---------- Listed records ----------
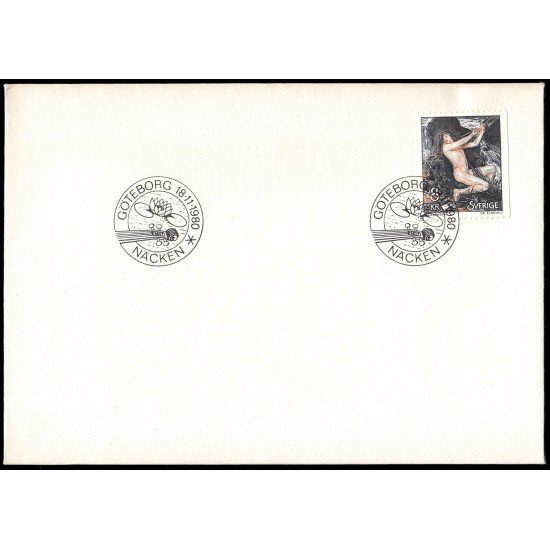 Suecia Sweden SPD FDC 1114 1980 El duende del agua de Ernst Josephson Sobre primer día Suecia Sweden SPD FDC 1114 1980 El duende del agua de Ernst Josephson Sobre primer día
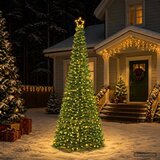  LED božićno drvce od folije s postoljem EKENAS 250 cm - Topla bijela 250 cm | shoptok.hr
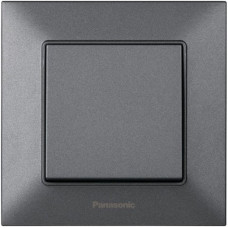 Вимикач 1кл.+підсв. Panasonic Arkedia Slim, димч.
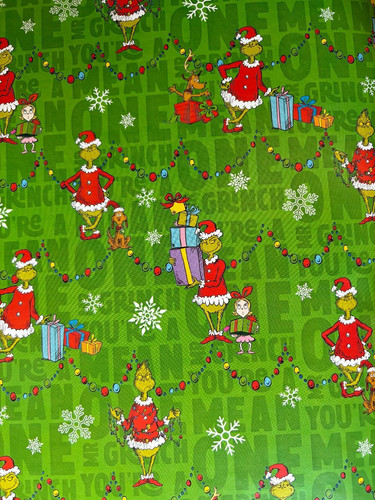 Grinch mean one - one, green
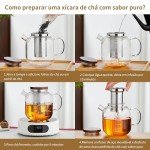 Borosilicate Glass Teapot with Infuser - 40oz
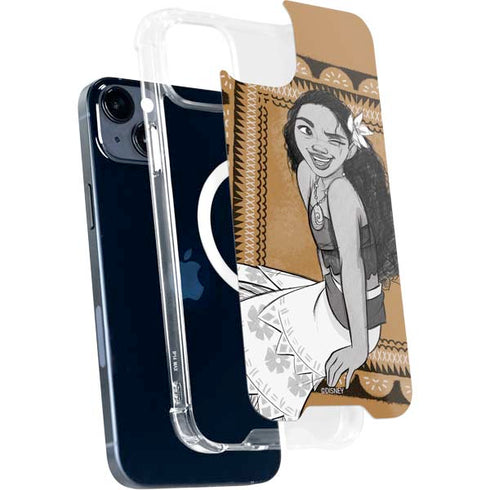 Disney Moana Winking Art iPhone 15 Plus MagSafe Case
----------
Required action: Output nothing but the lines from the one containing "Вимикач 1кл.+підсв. Panasonic" to the end of the listing, both ends included, reproduced exactly. Pictures stay out.

Output for this exercise:
 Вимикач 1кл.+підсв. Panasonic Arkedia Slim, димч.
 Grinch mean one - one, green
 Borosilicate Glass Teapot with Infuser - 40oz
 Disney Moana Winking Art iPhone 15 Plus MagSafe Case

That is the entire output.